Hak sahiplerinin bakiye ömürleri önceki yıllarda Fransa’dan alınan 1931 tarihli “…” cetvellerine göre saptanmakta iken, …. çalışmaları ile “TRH 2010”adı verilen “Ulusal Mortalite Tablosu” hazırlanmış olup, …. ilk peşin sermaye değerinin hesaplanmasında anılan tabloların uygulanmasına geçilmiştir. Gerek diğer kurumlar ile Yargıtay Daireleri arasında tazminat hesabında birliğin sağlanması açısından ve gerekse bu tablonun ülkemize özgü ve güncel verileri içerdiği de göz önüne alınarak, ülkemizce de tazminat hesaplamalarında TRH 2010 Tablosu’na göre bakiye ömür sürelerinin belirlenmesinin, güncel verilere ve ülkemiz gerçeklerine daha uygun olacağına Yargıtay 17.Hukuk Dairesi’nce de karar verilmekle görüş değişikliğine gidilmiştir. (Yargıtay 17.HD 22/12/2020 tarih, 2019/5206 E. – 2020/8874 K. sayılı ilamı, 14/01/2021 tarih 2020/2598 E. – 2021/34 K. sayılı ilamı) Öte yandan Anayasa Mahkemesi’nin 17/07/2020 tarih … sayılı kararı ile; KTK’nın 90.maddesindeki “bu Kanun çerçevesinde hazırlanan genel şartlarda öngörülen usul ve esaslara tabidir” bölümündeki “bu Kanun çerçevesinde hazırlanan genel şartlarda” ibaresinin Anayasa’ya aykırı olduğu gerekçesiyle iptaline karar verilmekle; zarar hesaplanmasında ZMMS Genel Şartları ekindeki cetvellerin kullanılması mümkün olmadığından ve % 1,8 teknik faiz bu cetvellerle getirildiğinden, artık uygulanması mümkün değildir. Anılan nedenlerle tazminat hesaplamasında bakiye ömür sürelerinin TRH 2010 Tablosu’na göre belirlenmesi, zarar görenin bilinen dönem sonrası muhtemel gelirinin her yıl için % 10 artırılıp % 10 iskonto edilmesi ile belirlenecek peşin değeri esas alınıp işleyecek dönem tazminat hesabı yapılması gerekmektedir. Bu itibarla, mahkemece hükme esas alınan hesap raporunda progressif rant formülü kullanılmasında bir isabetsizlik görülmemiş ise de; … 1931 Yaşam Tablosu tatbik edilmesi doğru görülmemiştir.

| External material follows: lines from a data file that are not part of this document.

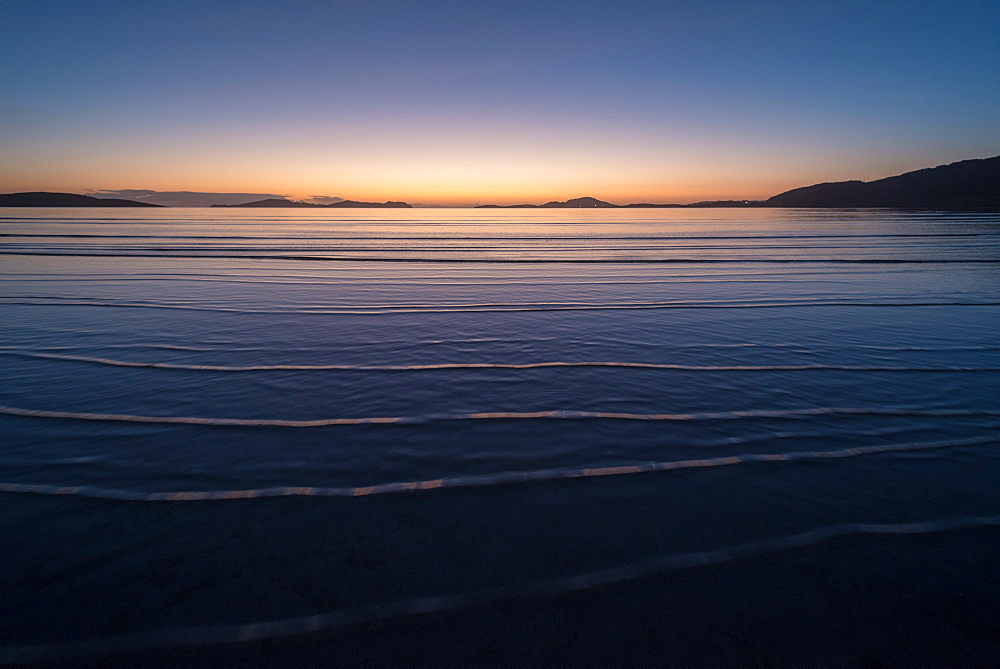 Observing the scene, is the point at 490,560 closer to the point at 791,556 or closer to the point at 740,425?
the point at 791,556

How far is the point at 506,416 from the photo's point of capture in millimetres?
5426

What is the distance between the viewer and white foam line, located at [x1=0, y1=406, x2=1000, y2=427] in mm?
5215

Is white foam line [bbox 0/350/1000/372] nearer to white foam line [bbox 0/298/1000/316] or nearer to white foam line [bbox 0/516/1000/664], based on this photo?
white foam line [bbox 0/516/1000/664]

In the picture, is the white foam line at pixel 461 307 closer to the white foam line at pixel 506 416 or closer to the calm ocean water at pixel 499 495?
the calm ocean water at pixel 499 495

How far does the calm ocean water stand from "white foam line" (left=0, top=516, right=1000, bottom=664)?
0.02m

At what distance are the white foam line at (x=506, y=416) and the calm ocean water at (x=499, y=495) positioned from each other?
44mm

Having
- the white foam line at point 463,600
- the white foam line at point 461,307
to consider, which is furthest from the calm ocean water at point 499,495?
the white foam line at point 461,307

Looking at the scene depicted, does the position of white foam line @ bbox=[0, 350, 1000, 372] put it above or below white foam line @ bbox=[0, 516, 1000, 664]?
above

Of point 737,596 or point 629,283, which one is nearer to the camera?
point 737,596

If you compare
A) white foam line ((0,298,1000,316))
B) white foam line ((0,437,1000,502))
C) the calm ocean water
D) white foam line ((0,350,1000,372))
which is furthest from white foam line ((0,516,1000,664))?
white foam line ((0,298,1000,316))

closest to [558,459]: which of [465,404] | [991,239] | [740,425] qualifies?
[465,404]

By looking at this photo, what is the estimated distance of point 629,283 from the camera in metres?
16.4

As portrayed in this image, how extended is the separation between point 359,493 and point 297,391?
9.28 feet

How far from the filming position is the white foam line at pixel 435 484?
3.84 meters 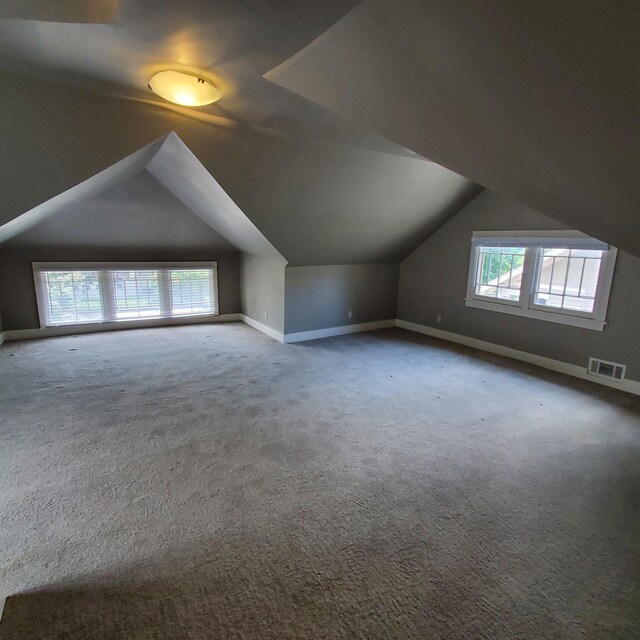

Yukarıda belirtilen hukuki ve fiili durumlar ışığında davacı vekili ve davalı vekilinin istinaf başvurularının kabulü ile HMK.nın 353/1.a.6. maddesi gereğince ilk derece mahkemesi kararının kaldırılmasına, kaldırma nedenine göre diğer istinaf itirazlarının şimdilik incelenmesine yer olmadığına, yeniden inceleme yapılmak üzere dosyanın mahkemesine gönderilmesine karar vermek gerekmiştir.
HÜKÜM : Yukarıda açıklanan nedenlerle;
1-Davacı vekili ve davalı vekilinin istinaf başvurusunun KABULÜ İLE; Ankara 13. Asliye Ticaret Mahkemesi’nin 06.04.2021 tarihli, ….Karar sayılı kararının, HMK’nın 353/1-a-6.maddesi gereğince KALDIRILMASINA,
Yeniden yargılama yapılması için dosyanın kararı veren mahkemeye GÖNDERİLMESİNE,
2-İstinaf yoluna başvuran taraflarca yatırılan peşin harcın istek halinde yatırana iadesine,
3-İstinaf yoluna başvuran tarafça yapılan yargılama giderinin ilk derece mahkemesi tarafından yapılacak yargılamada dikkate alınmasına,
4-Karar tebliği, harç mahsup, iade ve tahsil işlemlerinin ilk derece mahkemesince yerine getirilmesine,
Dair, dosya üzerinde yapılan inceleme sonunda, HMK.nın 362/1-a maddesi uyarınca KESİN olmak üzere 07/10/2021 tarihinde oy birliği ile karar verildi.

* Bu belge, 5070 sayılı Kanun hükümleri gereğince elektronik imza ile imzalanmıştır.